Shipman: “We have researched the topic and haven’t documented a need for a closed season. There is no harvest during the spawn that affects recruitment.

djk: “In the past, the Indiana DNR had asked Michigan to open up its own bass season and keep anglers in Michigan during the spring. Why?”

Shipman: “We had complaints for Indiana anglers and lake property owners about too many out of state anglers crowding our lakes and access sites. We studied the situation and determined that the majority of our users are still Hoosiers.”

djk: “What about your new tournament permit policy and Michigan anglers holding those on northern Indiana lakes?”

Shipman: “We were mandated by the legislature to look at tournaments. This issue mainly resulted from vocal and active petitioning for a permit process from Syracuse/Wawasee Lakes for group activities. A permit process to limit group activities was created under our boating rules through the Division of Water (public access).


Closing Thoughts

So, these fisheries professionals all read the same studies, and many seem to be interpreting them fairly consistently. Yet some states seem to interpret them differently even though there are Northern states that have interpreted the known science the same as most Southern states. What might that tell you about how bass are being managed?

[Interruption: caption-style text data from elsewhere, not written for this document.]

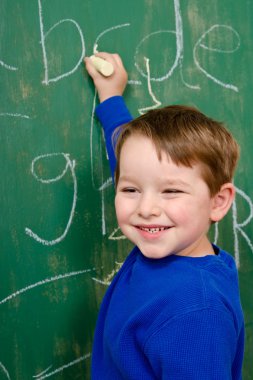 Portrait of young boy after writing on chalkboard for school homework clipart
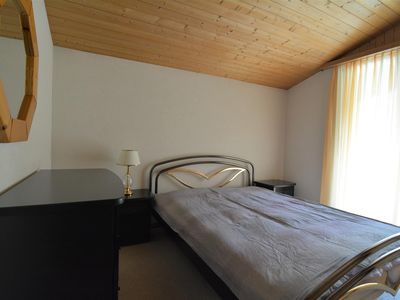 Schlafzimmer mit Balkon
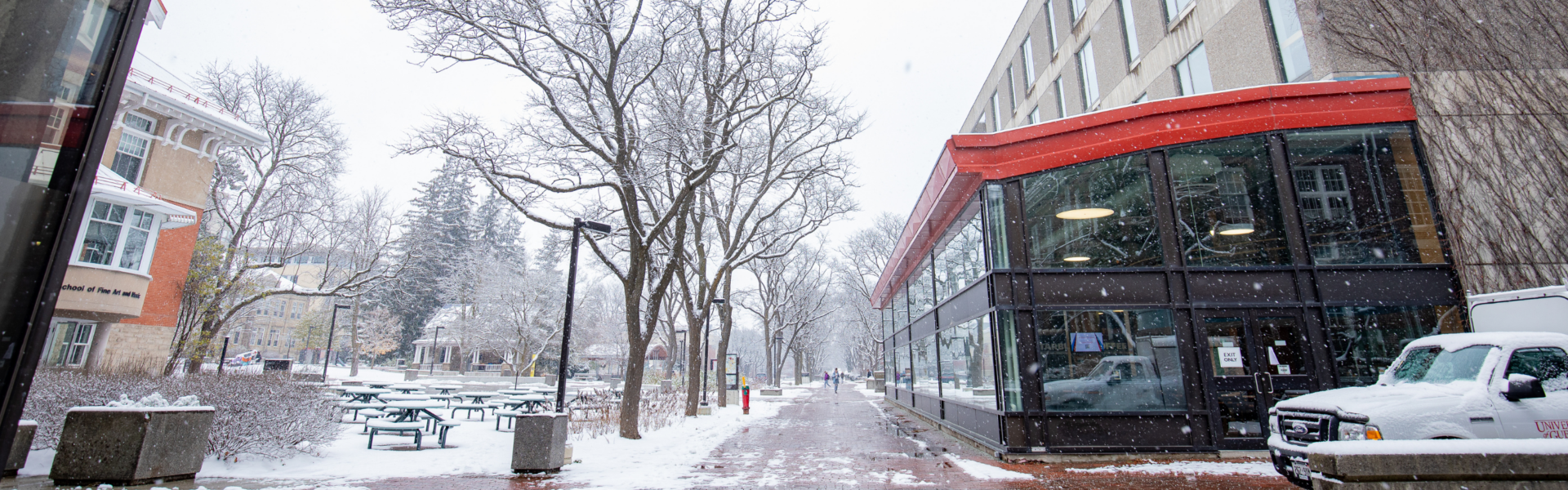 The path in front of the university centre on a snowy day.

Could it be that just enough Northern anglers have fallen for the oversimplified explanations that our bass are different? If so, then maybe convince enough to not fall for that unsupported position, we could change it.

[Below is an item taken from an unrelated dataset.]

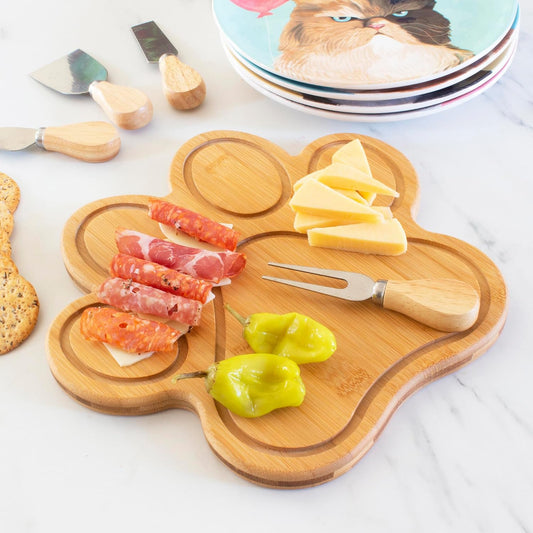 Dog Paw Shaped Cutting and Charcuterie Board, 11 x 10 in | Bamboo paw-shaped serving board with juice grooves for prep and entertaining. Built-in keyhole for easy wall display.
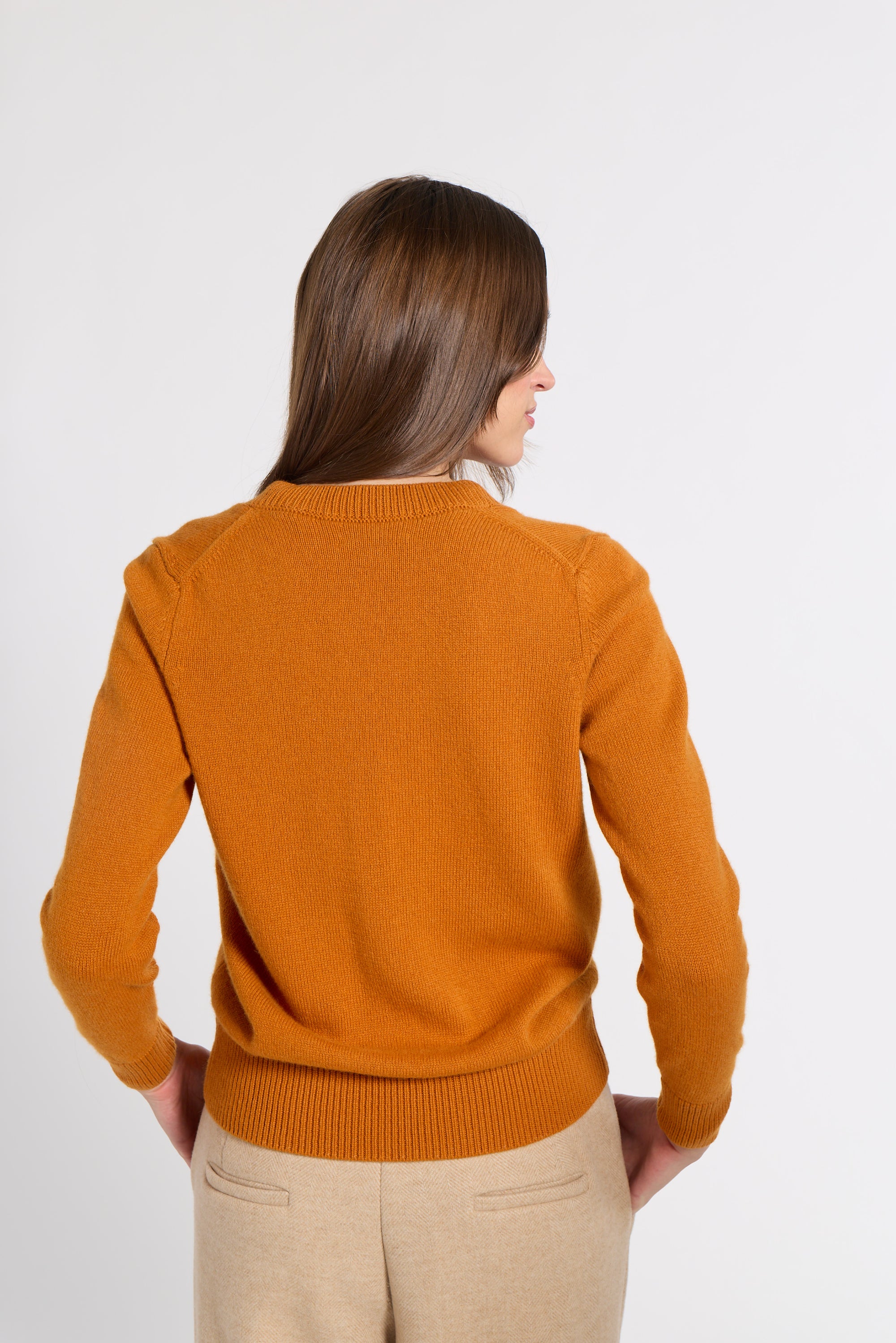 A woman viewed from behind wearing a mustard orange knit sweater and beige trousers against a plain light gray studio background.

There are lakes that are more vulnerable. Thankfully, we don’t have very many of those kinds of lakes in Michigan. We generally have healthy, high quality bass fisheries in Michigan. We could be enjoying a lot more bass fishing without ‘destroying our kids heritage.’ It’s okay to talk about managing the infertile lakes of Northern Minnesota, Northern Wisconsin, Ontario and a few in the Michigan UP, but don’t manage all the good bass lakes down to their level just because it seems easier to manage to the lowest denominator. I believe that’s bad for the longevity of the sport.